While the action was targeted at China, Trump’s tariffs apply to all imports, since Chinese manufacturers have also moved operations to other countries.
U.S. companies have warned that the high tax on importing the necessary solar materials will lead the industry to move fully oversees, hurting American business even more.
“Solar was the first industry to be hit with this administration’s tariff policy, and now we’re feeling the impacts that we warned against two years ago,” said Abigail Ross Hopper, president and CEO of the SEIA, in a statement. “This stark data should be the predicate for removing harmful tariffs and allowing solar to fairly compete and continue creating jobs for Americans.”
Some solar companies had at first hoped for exemptions to the rule. The Trump administration in June announced it was granting an exemption to bifacial solar panels, specialty panels that absorb sunlight on both sides, but months later revoked the waiver.

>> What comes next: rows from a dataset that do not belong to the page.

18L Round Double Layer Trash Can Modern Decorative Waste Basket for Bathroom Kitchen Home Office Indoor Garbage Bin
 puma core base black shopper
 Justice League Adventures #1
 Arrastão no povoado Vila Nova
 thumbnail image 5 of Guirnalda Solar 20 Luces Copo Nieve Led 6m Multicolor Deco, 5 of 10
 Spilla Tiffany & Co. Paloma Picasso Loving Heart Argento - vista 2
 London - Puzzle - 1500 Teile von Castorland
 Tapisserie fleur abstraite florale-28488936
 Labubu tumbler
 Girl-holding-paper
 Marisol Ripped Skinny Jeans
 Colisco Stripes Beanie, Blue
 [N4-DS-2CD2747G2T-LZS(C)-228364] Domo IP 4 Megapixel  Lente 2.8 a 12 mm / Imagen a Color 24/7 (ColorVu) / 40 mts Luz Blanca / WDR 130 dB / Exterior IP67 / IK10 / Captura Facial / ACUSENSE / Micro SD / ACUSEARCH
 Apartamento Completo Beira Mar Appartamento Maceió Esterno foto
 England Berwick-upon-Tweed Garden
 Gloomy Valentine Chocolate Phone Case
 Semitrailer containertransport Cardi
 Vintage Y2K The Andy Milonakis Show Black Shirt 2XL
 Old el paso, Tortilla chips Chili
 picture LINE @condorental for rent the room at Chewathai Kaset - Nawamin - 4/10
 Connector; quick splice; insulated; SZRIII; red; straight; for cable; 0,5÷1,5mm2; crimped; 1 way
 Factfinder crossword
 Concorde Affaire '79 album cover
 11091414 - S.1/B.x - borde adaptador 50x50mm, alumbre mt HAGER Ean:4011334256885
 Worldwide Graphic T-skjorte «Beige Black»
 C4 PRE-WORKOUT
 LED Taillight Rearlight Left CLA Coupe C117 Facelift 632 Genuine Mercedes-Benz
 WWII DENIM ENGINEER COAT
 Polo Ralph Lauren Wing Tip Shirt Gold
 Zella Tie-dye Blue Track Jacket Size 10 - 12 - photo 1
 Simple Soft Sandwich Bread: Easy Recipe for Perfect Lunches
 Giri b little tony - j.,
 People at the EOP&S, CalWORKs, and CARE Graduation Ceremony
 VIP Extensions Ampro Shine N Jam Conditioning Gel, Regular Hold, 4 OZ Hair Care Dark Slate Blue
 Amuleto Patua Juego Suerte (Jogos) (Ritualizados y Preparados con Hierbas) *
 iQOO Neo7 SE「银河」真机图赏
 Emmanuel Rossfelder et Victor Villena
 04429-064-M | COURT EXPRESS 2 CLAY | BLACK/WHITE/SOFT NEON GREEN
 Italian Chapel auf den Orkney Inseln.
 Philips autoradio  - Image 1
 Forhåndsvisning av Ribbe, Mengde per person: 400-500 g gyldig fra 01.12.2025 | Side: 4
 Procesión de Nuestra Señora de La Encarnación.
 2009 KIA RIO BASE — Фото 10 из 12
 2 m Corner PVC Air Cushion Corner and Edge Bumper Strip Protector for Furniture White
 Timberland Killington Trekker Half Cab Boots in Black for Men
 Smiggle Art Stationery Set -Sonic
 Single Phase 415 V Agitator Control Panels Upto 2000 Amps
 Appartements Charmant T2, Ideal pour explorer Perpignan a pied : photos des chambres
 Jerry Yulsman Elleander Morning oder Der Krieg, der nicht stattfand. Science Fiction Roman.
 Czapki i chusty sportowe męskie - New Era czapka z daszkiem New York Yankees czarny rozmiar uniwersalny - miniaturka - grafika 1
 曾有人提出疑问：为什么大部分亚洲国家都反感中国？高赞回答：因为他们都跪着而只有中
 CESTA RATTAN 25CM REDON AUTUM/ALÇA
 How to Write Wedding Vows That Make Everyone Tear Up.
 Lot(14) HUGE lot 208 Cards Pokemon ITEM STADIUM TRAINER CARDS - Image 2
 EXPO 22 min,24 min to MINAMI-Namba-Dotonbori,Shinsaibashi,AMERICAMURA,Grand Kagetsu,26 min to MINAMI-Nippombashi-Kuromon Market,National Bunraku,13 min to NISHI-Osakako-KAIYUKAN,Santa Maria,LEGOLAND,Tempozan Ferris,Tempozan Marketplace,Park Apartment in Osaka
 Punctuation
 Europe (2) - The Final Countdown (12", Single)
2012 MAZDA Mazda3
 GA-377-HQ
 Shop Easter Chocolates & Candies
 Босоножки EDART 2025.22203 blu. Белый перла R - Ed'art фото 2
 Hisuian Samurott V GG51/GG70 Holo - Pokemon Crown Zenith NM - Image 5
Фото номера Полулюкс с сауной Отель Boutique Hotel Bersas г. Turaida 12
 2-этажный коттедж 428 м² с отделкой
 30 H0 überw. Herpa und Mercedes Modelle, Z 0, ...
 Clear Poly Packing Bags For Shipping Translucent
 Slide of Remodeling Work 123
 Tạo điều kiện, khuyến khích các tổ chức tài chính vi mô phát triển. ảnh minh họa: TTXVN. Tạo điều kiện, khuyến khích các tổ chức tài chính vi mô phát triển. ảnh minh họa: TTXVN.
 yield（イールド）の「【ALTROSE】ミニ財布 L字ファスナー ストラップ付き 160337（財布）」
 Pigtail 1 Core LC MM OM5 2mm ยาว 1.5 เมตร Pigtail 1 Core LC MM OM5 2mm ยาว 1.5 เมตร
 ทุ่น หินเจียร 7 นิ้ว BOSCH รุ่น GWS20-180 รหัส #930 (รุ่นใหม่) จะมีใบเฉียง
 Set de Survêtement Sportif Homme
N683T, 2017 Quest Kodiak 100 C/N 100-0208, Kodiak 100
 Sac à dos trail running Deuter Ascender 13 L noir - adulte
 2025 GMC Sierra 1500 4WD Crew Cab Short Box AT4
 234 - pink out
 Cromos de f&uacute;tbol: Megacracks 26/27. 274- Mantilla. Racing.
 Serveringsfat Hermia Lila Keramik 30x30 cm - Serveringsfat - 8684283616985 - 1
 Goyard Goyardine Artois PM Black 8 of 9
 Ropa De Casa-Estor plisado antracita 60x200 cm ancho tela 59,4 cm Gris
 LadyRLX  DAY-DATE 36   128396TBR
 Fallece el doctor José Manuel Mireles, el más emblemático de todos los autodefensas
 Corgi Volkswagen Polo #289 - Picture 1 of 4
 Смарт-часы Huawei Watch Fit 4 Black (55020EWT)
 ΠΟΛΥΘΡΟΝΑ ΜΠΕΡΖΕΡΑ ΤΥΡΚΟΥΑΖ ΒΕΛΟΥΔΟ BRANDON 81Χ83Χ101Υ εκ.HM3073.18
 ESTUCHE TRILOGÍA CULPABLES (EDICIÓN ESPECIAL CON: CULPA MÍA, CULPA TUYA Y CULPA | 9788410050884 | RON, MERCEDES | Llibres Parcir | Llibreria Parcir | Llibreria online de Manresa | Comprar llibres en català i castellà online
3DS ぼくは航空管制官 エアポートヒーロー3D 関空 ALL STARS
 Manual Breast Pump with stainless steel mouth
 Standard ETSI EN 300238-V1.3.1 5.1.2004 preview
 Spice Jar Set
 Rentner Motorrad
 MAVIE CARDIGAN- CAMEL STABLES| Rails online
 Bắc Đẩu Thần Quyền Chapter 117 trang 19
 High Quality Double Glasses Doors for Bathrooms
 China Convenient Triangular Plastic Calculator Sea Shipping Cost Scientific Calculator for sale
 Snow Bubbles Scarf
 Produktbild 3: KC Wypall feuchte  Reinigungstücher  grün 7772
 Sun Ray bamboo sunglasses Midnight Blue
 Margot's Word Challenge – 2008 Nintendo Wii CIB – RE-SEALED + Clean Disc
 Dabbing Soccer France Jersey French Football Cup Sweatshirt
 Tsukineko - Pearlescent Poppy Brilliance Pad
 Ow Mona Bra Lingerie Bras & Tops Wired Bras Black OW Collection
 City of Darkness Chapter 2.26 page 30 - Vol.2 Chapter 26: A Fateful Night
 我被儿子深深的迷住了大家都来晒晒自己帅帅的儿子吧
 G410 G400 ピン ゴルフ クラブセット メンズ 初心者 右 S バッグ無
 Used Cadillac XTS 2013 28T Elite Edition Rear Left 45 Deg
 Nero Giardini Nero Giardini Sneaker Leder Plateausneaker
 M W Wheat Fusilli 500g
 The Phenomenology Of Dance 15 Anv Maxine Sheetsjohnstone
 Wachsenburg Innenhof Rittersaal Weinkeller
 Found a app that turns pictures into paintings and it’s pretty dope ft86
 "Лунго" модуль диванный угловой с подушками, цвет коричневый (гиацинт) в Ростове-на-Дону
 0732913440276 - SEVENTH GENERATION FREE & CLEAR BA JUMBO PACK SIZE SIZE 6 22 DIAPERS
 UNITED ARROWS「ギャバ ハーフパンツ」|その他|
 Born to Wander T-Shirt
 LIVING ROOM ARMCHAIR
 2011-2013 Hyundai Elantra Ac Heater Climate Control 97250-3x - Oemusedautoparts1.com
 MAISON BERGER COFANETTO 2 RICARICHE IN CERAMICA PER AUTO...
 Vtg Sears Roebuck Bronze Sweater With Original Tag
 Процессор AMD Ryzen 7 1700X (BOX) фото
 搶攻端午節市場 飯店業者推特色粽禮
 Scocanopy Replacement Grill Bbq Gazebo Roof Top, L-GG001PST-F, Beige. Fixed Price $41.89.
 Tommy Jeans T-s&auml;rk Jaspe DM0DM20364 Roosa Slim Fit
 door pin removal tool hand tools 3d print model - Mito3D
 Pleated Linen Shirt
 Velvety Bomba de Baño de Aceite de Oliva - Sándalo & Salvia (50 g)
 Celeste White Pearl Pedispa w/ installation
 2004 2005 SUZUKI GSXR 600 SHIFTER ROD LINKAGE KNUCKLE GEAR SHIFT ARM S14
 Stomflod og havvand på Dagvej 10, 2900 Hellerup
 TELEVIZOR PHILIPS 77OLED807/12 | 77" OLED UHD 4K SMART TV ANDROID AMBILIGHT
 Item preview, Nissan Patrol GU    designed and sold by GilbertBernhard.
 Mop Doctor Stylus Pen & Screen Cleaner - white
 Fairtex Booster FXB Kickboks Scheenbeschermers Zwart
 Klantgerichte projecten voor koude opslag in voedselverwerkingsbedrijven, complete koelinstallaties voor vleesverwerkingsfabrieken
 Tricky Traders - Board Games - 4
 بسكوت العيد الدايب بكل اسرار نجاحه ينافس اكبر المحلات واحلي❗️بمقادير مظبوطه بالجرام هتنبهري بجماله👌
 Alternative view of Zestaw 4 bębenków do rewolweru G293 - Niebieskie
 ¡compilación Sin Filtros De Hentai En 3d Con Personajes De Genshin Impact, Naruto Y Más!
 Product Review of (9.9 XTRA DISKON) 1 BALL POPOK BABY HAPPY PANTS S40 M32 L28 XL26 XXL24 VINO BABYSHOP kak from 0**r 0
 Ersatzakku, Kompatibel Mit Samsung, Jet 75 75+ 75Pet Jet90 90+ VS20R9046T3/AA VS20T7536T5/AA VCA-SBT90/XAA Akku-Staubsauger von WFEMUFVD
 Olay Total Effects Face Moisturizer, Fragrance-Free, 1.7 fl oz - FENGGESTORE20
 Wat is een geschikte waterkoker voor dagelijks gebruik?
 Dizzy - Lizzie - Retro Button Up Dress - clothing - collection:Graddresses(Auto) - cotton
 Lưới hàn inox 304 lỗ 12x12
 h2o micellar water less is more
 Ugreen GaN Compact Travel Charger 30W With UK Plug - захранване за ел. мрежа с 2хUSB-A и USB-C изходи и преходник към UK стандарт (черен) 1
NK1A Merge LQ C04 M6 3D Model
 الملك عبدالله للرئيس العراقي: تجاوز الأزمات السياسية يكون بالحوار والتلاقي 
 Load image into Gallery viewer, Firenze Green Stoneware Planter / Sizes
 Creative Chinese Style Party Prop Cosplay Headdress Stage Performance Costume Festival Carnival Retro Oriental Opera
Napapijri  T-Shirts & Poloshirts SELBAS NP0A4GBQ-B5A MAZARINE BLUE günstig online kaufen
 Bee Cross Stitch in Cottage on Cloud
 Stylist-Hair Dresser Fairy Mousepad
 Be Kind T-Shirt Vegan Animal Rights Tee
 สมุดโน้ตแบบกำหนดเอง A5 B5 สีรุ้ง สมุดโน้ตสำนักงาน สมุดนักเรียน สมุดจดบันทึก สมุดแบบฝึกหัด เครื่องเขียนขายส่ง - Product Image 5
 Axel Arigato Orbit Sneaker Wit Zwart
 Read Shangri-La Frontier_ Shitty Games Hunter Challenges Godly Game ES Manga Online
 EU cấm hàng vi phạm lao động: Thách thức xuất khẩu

The new findings come the same week that the U.S. International Trade Commission is conducting its midterm review process for the tariffs. The Thursday review follows a complaint from solar company Suniva and will look at the effects of the tariffs on the industry from January 2017 to the end of the planned tariff lifecycle in 2021.
The group additionally estimated that the tariffs cost the U.S. more than $10.5 million per day in unrealized economic activity. From a climate perspective, the SEIA also estimated that reduced solar panel deployment activity in the U.S., stemming from the tariffs, would increase emissions equivalent to 5.5 million cars.
The SEIA estimated that the tariffs are largely hurting solar companies located in the nascent markets of Alabama, Nebraska, Kansas and the Dakotas.